As Fourier transform is a linear operation, and given the properties we had for Fourier transforms of derivatives of a function seen in Section 2.1, one can use Fourier transforms to solve linear ODEs or find particular integrals. This is particularly relevant for solving partial differential equations as discussed in the second year. Here we discuss an example.

Example 5.8 Find a solution for the following ODE, known as the Airy equation or the Stokes equation, which arises in different areas of physics. Assume

$\lim_{x \rightarrow \pm \infty} y(x) = 0$ .

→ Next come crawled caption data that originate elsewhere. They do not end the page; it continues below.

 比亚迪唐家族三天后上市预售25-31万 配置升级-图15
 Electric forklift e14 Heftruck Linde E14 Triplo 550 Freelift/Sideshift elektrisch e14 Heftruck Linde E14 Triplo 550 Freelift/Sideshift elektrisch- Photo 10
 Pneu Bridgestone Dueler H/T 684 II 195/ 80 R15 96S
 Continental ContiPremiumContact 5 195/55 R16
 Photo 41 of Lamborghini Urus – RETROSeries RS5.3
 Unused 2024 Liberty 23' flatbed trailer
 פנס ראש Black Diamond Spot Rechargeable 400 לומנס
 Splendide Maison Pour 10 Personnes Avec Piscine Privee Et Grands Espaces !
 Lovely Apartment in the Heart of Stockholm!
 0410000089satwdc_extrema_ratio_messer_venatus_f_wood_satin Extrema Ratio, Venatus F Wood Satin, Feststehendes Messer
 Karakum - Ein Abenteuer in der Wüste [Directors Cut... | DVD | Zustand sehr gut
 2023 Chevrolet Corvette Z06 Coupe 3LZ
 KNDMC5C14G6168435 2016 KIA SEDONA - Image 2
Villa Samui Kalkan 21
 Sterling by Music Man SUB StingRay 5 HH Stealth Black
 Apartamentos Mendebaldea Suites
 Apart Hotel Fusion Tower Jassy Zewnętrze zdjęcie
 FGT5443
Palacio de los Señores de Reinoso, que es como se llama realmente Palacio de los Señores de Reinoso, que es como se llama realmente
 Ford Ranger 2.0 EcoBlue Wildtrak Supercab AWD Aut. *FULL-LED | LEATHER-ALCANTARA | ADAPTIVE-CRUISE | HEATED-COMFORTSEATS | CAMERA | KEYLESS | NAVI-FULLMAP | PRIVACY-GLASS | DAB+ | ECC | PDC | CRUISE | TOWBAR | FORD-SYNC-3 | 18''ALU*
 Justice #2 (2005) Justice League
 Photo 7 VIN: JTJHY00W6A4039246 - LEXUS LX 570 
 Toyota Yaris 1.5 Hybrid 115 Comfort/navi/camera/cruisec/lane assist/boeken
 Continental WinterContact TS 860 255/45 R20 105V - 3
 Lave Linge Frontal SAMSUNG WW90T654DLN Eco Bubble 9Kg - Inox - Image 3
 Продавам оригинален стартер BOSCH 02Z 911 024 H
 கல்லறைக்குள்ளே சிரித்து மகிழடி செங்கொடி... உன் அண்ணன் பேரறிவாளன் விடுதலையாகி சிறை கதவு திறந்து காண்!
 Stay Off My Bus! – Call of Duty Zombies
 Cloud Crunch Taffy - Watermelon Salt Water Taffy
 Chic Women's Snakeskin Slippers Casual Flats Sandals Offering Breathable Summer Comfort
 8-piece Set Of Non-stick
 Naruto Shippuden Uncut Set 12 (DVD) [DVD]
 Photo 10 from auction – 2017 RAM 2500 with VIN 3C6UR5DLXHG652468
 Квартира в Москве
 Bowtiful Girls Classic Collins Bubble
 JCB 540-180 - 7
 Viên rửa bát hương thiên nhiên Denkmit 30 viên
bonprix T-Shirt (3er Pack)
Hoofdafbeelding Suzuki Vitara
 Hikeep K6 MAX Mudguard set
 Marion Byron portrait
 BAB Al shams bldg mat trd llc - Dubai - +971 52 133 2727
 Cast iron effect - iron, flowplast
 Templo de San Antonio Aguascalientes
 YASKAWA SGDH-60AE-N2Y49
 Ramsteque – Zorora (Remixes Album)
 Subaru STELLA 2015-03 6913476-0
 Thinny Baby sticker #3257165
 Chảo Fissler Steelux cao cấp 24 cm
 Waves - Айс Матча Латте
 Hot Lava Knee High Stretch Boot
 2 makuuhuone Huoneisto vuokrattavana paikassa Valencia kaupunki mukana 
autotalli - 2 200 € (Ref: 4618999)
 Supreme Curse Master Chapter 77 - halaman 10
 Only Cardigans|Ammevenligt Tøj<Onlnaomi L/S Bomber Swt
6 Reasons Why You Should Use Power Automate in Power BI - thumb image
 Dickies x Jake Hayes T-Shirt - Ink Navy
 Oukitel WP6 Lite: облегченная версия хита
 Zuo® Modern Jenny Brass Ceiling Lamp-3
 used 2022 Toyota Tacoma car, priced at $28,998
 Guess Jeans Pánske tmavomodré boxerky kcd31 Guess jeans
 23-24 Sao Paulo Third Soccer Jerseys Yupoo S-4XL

$\frac{d^2y}{dx^2} - x y = 0.$

This is a linear 2nd order ODE with non-constant coefficients and so far we have not seen a method of solving it. Note that this ODE is not also one of the types that are discussed in Section 4.2. Our strategy is to take Fourier transform from this ODE and see if we can solve for the Fourier transform. Using the properties in Section 2.1, we obtain: $-\omega^2 \hat{y}(\omega) -i\frac{d\hat{y}(\omega)}{d\omega} = 0$
This is a first order ODE for $\hat{y}(\omega)$ , by solving it we obtain: $\hat{y}(\omega) = c e^{\frac{i\omega^3}{3}},$ where $c$ is an arbitrary constant of integration. Using the inverse transform we obtain: $y(x) = \frac{c}{2\pi} \int^\infty_{-\infty} e^{i(\omega x + \omega^3/3)} \,d\omega = \frac{c}{\pi}\int^\infty_{0} \cos(\omega x + \frac{\omega^3}{3})\,d\omega,$ where, in the last step we have used the evenness of cosine and oddness of the sine function. For $c = 1$ the function $y(x)$ is known as the Airy function (of the first kind) and is denoted by $Ai(x)$ . It is defined as the above integral and cannot be reduced further and is a solution of the Airy ODE.